La gran oportunidad para hacerlo fue cuando se alzó en defensa de la democracia contra la intentona golpista del teniente coronel Antonio Tejero en febrero del 81. “No es tolerable ... interrumpir por la fuerza ... el proceso democrático”, dijo con uniforme frente a la televisión. Dejó ahí de ser “el breve”. Era la reafirmación de otro país y de un cambio que no admitía retrocesos.
Hay una extendida polémica sobre si todo fue como se lo ha contado, si no hubo operaciones en las sombras o traiciones, pero desde entonces lo cierto es que para los españoles y más allá, la figura de Juan Carlos ligó con la institucionalidad democrática. Esa solidaridad agradecida con el rey pervivió por años, ignorando incluso vicios privados o trampas de alcoba.
La crisis que desde hace seis años aplasta a la economía española acabó con la tolerancia hacia la corona. No fue debido a un súbito rebrote republicano sino resultado de una cadena de indignidades. España navega con índices extraordinarios de desocupación de 26%, y más de 50% en el nivel etario juvenil. Apenas un dato marca exacto dónde está hoy parado ese país: la pobreza infantil de 30% en 2012 estancó a España con los peores indicadores de este problema en la Unión Europea detrás de Rumania.
Lo que es aún más grave es que uno de cada cuatro españoles vive en la pobreza, según el estatal Consejo Económico y Social. Si estos años generaron un océano de desplazados económicos, España tiene también el mayor rango en Europa de diferencia entre quienes más y menos ganan. Ese mismo organismo ha advertido que hay riesgo cierto de que la pobreza, considerada como coyuntural, devenga en una situación crónica.
Es en este caldo de calamidades sociales que Juan Carlos rifó aquel prestigio y lo hizo por diferentes senderos. Cuando más apremiaba la crisis se lo vio en la conocida cacería de elefantes de Botswana, un safari al costo de 8.000 euros diarios junto a la noble germano-danesa Corinna zu Sayn Wittgenstein. Pero el golpe definitivo vino de su familia por el proceso judicial que descubrió a la hermana y al cuñado del próximo rey, Cristina e Iñaki Urdangarín, en un complejo proceso de corrupción, uso de dineros públicos y venta de influencias
Juan Carlos abdica después de las elecciones europeas en las que las dos grandes formaciones políticas del país, el Partido Popular y el Socialismo, cosecharon los peores resultados en la era del post-franquismo. Quemaron más de cinco millones de votos y dieron lugar a formaciones duramente anti-sistema. Es claro que si el escenario político se complica aún más, difícilmente la monarquía sobreviviría. La cercanía de ese precipicio es lo que promovió este relevo urgente.

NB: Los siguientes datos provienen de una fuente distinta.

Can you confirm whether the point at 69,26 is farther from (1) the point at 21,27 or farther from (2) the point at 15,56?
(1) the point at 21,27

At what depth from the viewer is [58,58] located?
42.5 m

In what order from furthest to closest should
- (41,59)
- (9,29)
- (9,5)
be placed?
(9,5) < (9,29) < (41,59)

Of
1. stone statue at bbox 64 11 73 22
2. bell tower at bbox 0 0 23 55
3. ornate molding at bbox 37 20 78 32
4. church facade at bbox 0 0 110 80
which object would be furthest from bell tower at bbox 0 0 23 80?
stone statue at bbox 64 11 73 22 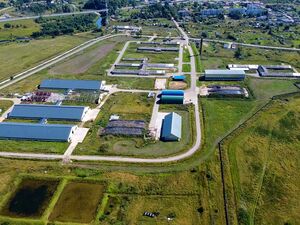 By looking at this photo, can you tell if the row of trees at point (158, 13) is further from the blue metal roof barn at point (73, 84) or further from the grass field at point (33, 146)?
the grass field at point (33, 146)

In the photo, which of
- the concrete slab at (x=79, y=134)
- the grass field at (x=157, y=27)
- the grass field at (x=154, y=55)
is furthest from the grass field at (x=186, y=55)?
the concrete slab at (x=79, y=134)

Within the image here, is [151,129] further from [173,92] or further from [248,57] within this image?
[248,57]

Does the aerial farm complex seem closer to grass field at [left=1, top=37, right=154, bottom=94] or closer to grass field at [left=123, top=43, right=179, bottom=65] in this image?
grass field at [left=123, top=43, right=179, bottom=65]

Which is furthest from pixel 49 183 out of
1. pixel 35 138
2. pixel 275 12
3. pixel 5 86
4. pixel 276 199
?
pixel 275 12

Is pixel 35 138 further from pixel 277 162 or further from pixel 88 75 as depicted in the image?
pixel 277 162

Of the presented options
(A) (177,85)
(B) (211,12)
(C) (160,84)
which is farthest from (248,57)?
(B) (211,12)

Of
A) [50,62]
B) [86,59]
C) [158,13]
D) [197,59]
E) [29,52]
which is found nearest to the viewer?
[197,59]

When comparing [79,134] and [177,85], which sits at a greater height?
[177,85] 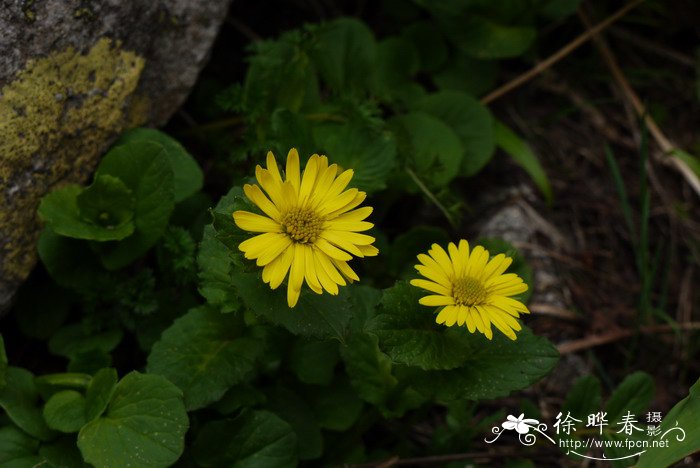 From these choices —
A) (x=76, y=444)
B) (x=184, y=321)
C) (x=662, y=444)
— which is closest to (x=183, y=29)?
(x=184, y=321)

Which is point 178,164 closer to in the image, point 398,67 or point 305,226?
point 305,226

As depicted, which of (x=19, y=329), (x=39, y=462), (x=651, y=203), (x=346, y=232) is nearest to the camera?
(x=346, y=232)

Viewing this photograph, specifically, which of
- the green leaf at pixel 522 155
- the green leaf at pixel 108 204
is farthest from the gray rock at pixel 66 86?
the green leaf at pixel 522 155

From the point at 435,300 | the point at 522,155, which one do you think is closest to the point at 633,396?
the point at 435,300

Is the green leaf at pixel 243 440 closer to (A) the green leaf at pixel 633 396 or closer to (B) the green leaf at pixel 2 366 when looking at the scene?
(B) the green leaf at pixel 2 366

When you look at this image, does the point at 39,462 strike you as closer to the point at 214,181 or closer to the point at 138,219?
the point at 138,219

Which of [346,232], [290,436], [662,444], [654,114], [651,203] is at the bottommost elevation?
[290,436]

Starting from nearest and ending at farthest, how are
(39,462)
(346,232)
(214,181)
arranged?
(346,232), (39,462), (214,181)

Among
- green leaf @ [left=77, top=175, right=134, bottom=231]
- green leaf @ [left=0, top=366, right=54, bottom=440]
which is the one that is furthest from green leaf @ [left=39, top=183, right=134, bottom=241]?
green leaf @ [left=0, top=366, right=54, bottom=440] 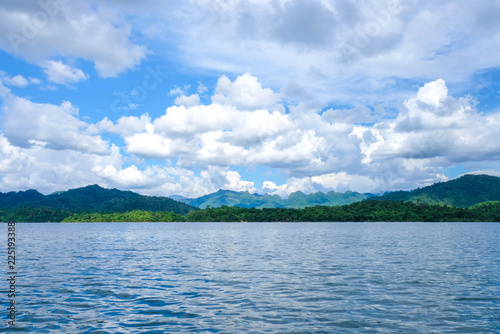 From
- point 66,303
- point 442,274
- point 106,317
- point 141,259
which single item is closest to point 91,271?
point 141,259

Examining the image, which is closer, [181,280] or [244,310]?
[244,310]

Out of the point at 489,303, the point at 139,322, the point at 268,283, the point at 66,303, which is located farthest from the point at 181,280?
the point at 489,303

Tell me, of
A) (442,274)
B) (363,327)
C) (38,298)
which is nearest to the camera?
(363,327)

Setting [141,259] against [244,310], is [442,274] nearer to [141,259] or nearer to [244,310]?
[244,310]

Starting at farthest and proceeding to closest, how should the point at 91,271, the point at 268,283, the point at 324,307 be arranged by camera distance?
the point at 91,271 → the point at 268,283 → the point at 324,307

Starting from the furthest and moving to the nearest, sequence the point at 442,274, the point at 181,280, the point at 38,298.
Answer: the point at 442,274 < the point at 181,280 < the point at 38,298

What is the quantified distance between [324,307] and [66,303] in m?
18.4

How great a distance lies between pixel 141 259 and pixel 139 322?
110ft

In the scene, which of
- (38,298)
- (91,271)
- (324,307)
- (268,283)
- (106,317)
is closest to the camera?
(106,317)

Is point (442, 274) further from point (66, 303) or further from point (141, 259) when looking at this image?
point (141, 259)

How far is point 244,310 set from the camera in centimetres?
2472

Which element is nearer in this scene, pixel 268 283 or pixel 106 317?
pixel 106 317

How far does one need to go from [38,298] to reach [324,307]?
2129 cm

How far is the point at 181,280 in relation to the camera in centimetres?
3656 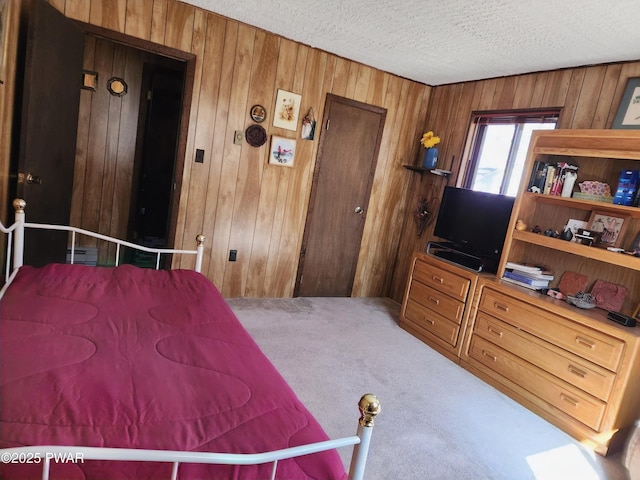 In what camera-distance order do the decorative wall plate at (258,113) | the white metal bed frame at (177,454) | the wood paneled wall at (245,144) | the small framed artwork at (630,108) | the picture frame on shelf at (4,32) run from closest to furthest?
the white metal bed frame at (177,454) < the picture frame on shelf at (4,32) < the small framed artwork at (630,108) < the wood paneled wall at (245,144) < the decorative wall plate at (258,113)

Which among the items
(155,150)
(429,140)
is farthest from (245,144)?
(429,140)

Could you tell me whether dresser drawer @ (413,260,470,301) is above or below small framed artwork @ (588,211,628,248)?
below

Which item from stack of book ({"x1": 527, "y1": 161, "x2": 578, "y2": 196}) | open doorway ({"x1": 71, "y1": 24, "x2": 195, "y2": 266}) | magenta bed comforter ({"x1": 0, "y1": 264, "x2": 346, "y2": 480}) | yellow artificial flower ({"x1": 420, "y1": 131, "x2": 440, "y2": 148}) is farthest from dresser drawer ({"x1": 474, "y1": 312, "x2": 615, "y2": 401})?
open doorway ({"x1": 71, "y1": 24, "x2": 195, "y2": 266})

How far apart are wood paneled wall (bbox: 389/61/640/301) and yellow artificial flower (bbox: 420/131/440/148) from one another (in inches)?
5.0

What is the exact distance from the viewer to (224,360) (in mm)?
1438

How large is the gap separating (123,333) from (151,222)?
3.50 metres

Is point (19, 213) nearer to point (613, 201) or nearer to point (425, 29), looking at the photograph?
point (425, 29)

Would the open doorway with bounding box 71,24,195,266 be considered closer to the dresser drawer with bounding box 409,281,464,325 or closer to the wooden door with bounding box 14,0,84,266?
the wooden door with bounding box 14,0,84,266

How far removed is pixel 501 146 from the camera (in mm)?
3740

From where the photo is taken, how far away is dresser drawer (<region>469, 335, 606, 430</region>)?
7.89ft

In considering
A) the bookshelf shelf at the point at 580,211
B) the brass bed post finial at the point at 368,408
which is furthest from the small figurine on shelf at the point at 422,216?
the brass bed post finial at the point at 368,408

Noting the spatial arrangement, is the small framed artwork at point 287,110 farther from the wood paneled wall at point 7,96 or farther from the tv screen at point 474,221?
the wood paneled wall at point 7,96

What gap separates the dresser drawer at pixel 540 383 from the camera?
2406mm

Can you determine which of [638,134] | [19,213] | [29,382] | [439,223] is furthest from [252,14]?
[29,382] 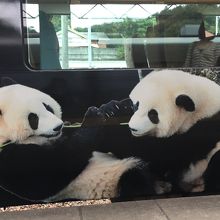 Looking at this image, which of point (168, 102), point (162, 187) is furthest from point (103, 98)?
point (162, 187)

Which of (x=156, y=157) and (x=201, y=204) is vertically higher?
(x=156, y=157)

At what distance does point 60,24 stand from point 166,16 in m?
0.80

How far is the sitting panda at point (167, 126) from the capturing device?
3.27 meters

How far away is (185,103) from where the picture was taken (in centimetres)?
331

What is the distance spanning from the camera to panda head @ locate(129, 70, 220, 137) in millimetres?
3270

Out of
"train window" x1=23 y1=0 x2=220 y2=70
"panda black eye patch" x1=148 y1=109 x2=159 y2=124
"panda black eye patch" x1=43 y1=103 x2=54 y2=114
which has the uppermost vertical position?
"train window" x1=23 y1=0 x2=220 y2=70

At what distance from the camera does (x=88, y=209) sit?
3.69 meters

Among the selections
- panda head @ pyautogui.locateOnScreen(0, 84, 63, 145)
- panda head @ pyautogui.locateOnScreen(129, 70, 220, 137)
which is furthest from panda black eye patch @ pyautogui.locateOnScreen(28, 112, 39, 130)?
panda head @ pyautogui.locateOnScreen(129, 70, 220, 137)

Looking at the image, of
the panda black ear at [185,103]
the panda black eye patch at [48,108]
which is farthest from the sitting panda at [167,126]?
the panda black eye patch at [48,108]

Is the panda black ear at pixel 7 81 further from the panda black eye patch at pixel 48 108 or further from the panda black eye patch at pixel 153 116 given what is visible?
the panda black eye patch at pixel 153 116

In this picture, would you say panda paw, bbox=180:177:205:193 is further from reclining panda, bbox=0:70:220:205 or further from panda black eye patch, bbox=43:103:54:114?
panda black eye patch, bbox=43:103:54:114

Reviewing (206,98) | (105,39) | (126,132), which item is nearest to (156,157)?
(126,132)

En un indicador con máximo de diez, la corona recibía este mes de mayo una nota de 3,72 puntos según otro estatal Centro de Investigaciones Sociológicas. El diario El Mundo detectó a su vez que por primera vez menos de la mitad de los españoles, 49,9%, respaldan el sistema monárquico. La renuncia fue un sacrificio aun al costo a sabiendas de que se transformaría en un inesperado argumento para canalizar la furia general sobre cómo van las cosas. Apenas dicha la última palabra de salida por parte del monarca, se llenó de marchas España con la bandera de la Segunda República exigiendo a los políticos derrotados un referéndum que convierta al país en una república y archive para siempre corte y nobleza.
Con este ruido de fondo llega al trono Felipe VI. Imposibilitado de contar con aquel tremendo aval que tuvo su padre para legitimar la monarquía, un privilegio que no es de los que se heredan, nacerá este reinado. El riesgo es que la bomba social provoque que esta vez efectivamente aquel mote tajante y aciago de “el breve” acabe haciéndose realidad.